[Exercise instructions]:
Your answer must be the lines from the one holding "Pallet Racking - Frame" through the final line of the entries below, copied exactly, with no pictures.

::::::::::

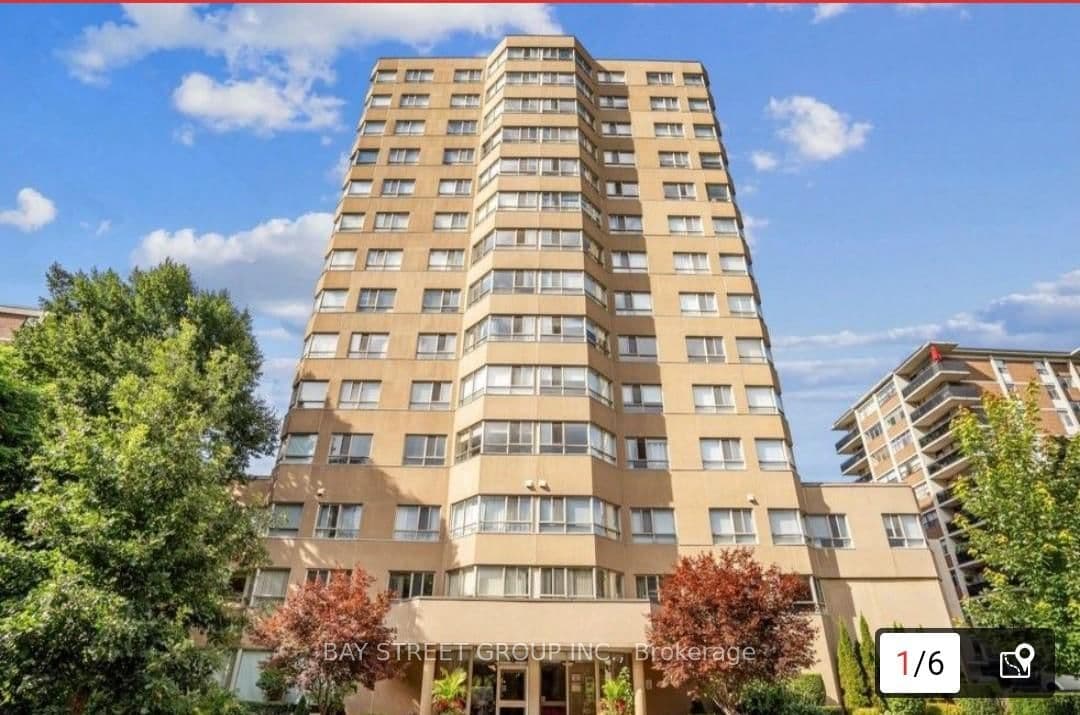 #610 - 4 Park Vista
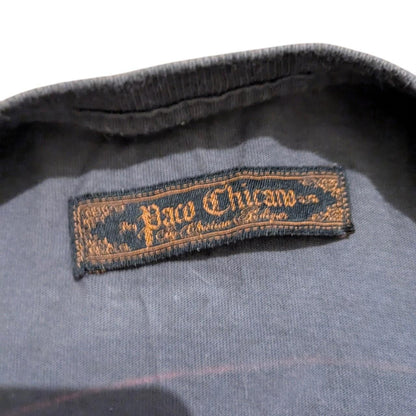 Christian Audigier T Shirt (L)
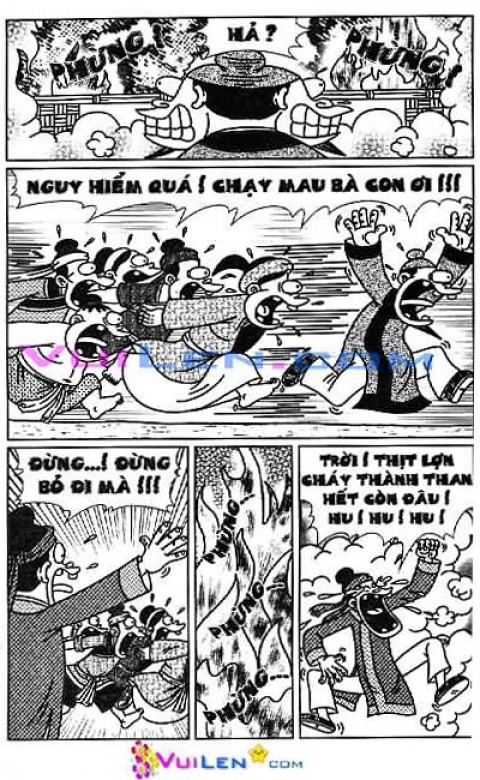 thần đồng đất việt chapter 118 76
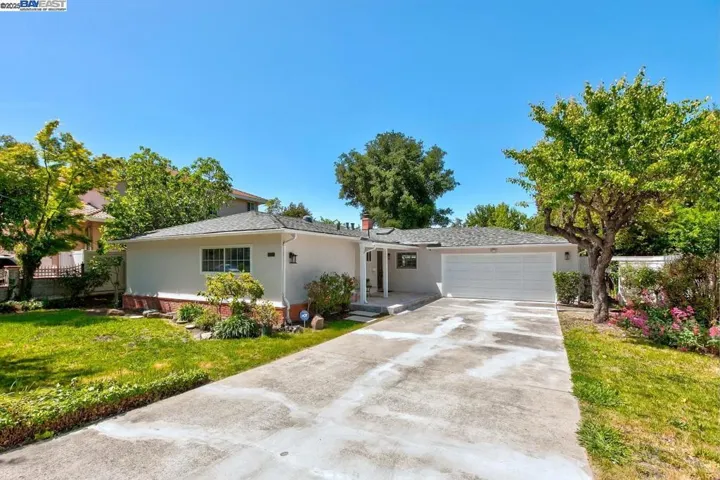 41657 Covington Dr., Fremont, California 94539-4650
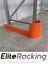 Pallet Racking - Frame End Protector Carousel 1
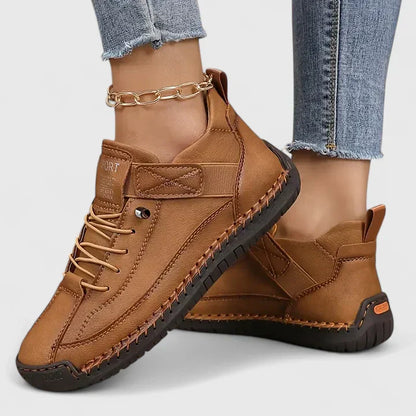 Orthopedic Soft Sneakers
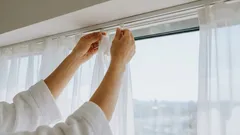 Tylsi pysyy yhtä lumivalkoisena kuin ostopäivänä: helppo pesutapa ilman keittämistä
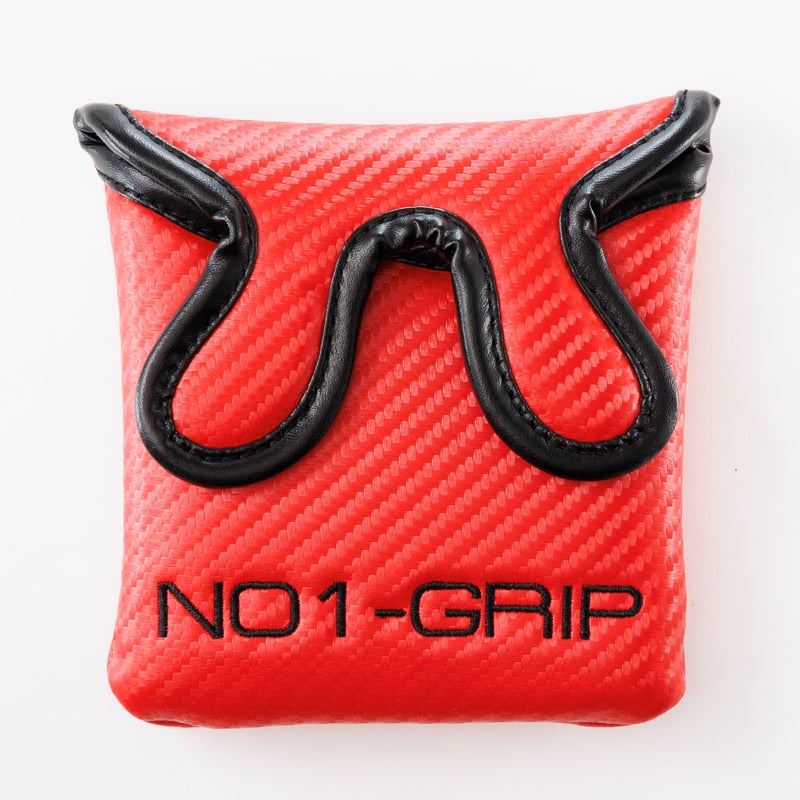 ナンバーワン NO.1 パターカバー（マレット） | クリエーションゴルフ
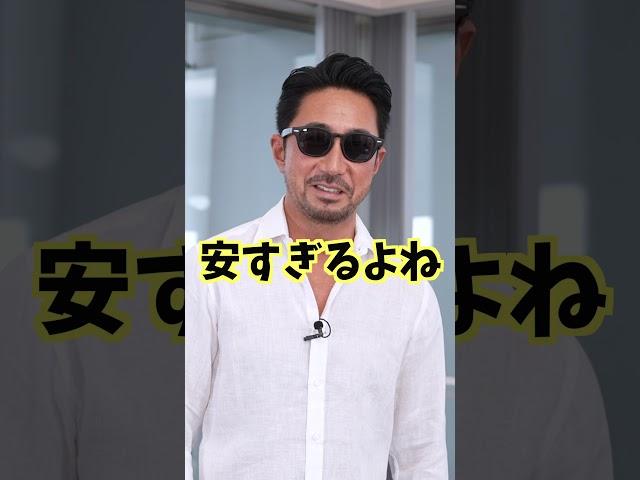 干場がヘビロテしすぎているアルコディオから新作のリネンシャツが登場！ #ミニマル #ファッション #干場 #fashion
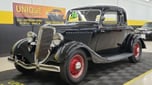 1934 Ford Model 40  for sale $59,900 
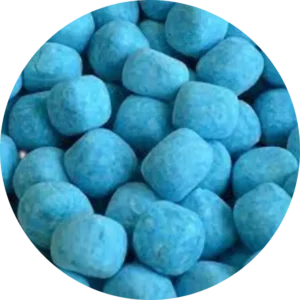 Blue Raspberry Bonbon
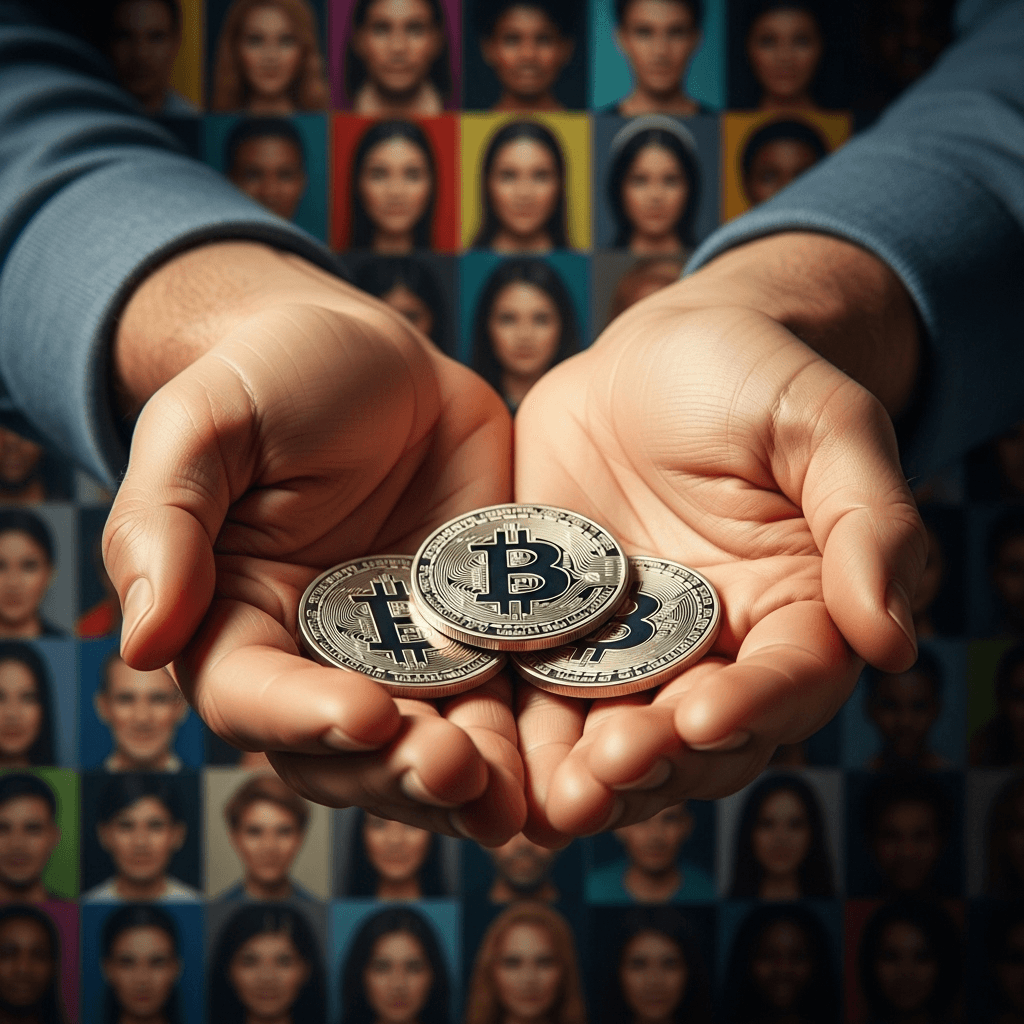 Fundacion de Derechos Humanos impulsa Bitcoin en proyectos latinoamericanos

::::::::::

[Reply]:
 Pallet Racking - Frame End Protector Carousel 1
 Orthopedic Soft Sneakers
 Tylsi pysyy yhtä lumivalkoisena kuin ostopäivänä: helppo pesutapa ilman keittämistä
 ナンバーワン NO.1 パターカバー（マレット） | クリエーションゴルフ
 干場がヘビロテしすぎているアルコディオから新作のリネンシャツが登場！ #ミニマル #ファッション #干場 #fashion
 1934 Ford Model 40  for sale $59,900 
 Blue Raspberry Bonbon
 Fundacion de Derechos Humanos impulsa Bitcoin en proyectos latinoamericanos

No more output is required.